▸ Listed records:
★ ★ ★ ★ ★ ★ ★
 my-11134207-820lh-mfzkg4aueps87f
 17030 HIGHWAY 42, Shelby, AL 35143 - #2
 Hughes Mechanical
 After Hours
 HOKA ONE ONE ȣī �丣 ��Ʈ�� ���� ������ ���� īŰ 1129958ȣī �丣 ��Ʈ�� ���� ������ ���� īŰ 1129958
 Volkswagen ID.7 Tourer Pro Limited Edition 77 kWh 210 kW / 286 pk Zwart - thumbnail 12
★ ★ ★ ★ ★ ★ ★
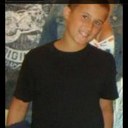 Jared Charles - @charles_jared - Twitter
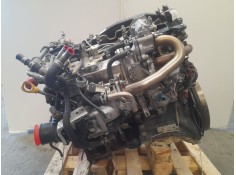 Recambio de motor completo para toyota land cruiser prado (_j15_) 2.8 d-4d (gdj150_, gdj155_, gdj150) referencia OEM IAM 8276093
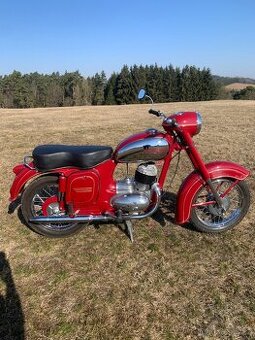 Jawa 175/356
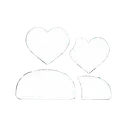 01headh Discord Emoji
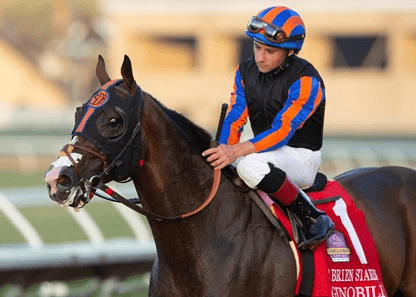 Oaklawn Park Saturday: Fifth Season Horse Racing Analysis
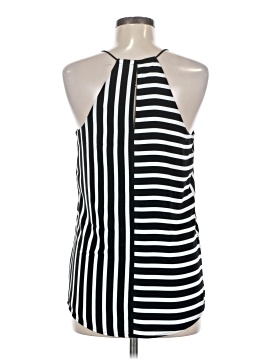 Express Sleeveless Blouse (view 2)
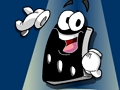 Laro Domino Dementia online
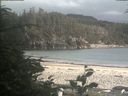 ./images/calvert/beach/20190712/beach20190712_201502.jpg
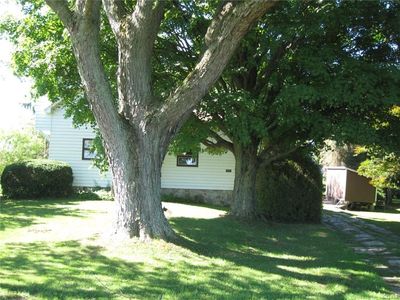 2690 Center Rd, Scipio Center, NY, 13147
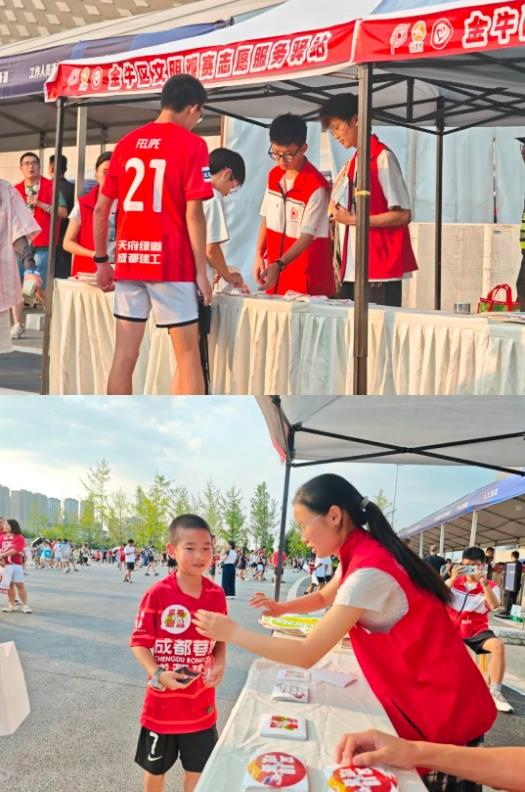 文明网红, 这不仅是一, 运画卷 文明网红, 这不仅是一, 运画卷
★ ★ ★ ★ ★ ★ ★
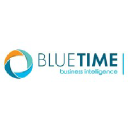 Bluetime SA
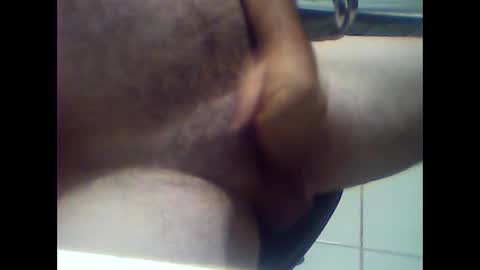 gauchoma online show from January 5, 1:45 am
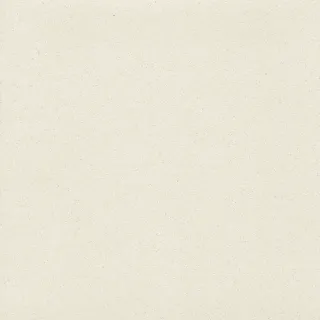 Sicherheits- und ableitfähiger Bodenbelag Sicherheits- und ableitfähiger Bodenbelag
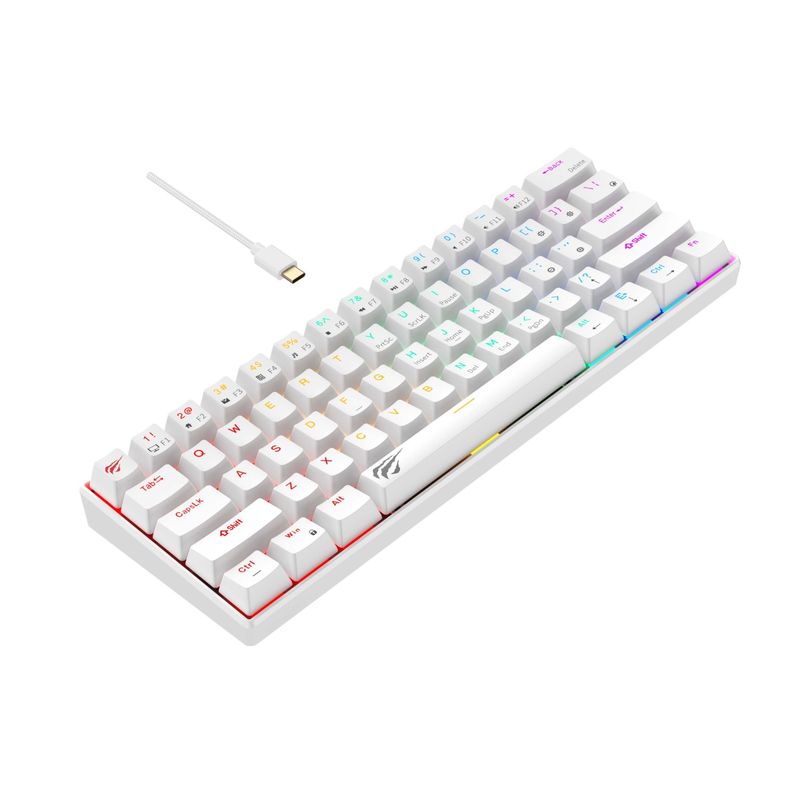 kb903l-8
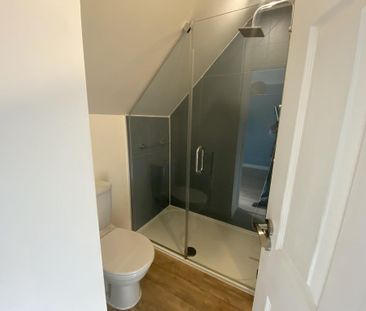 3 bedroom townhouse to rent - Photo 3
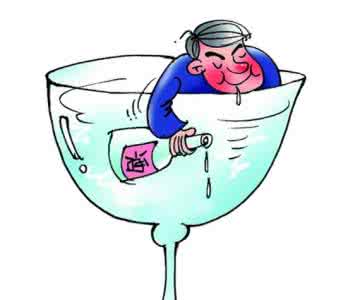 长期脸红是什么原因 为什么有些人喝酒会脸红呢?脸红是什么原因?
★ ★ ★ ★ ★ ★ ★
▸ What you are asked to do: Look back over the records above. Reproduce exactly everything from the line with "Sicherheits- und ableitfähiger Bodenbelag Sicherheits- und" down to the line with "长期脸红是什么原因 为什么有些人喝酒会脸红呢?脸红是什么原因?", inclusive, and leave the pictures out.

▸ Result of the task:
 Sicherheits- und ableitfähiger Bodenbelag Sicherheits- und ableitfähiger Bodenbelag
 kb903l-8
 3 bedroom townhouse to rent - Photo 3
 长期脸红是什么原因 为什么有些人喝酒会脸红呢?脸红是什么原因?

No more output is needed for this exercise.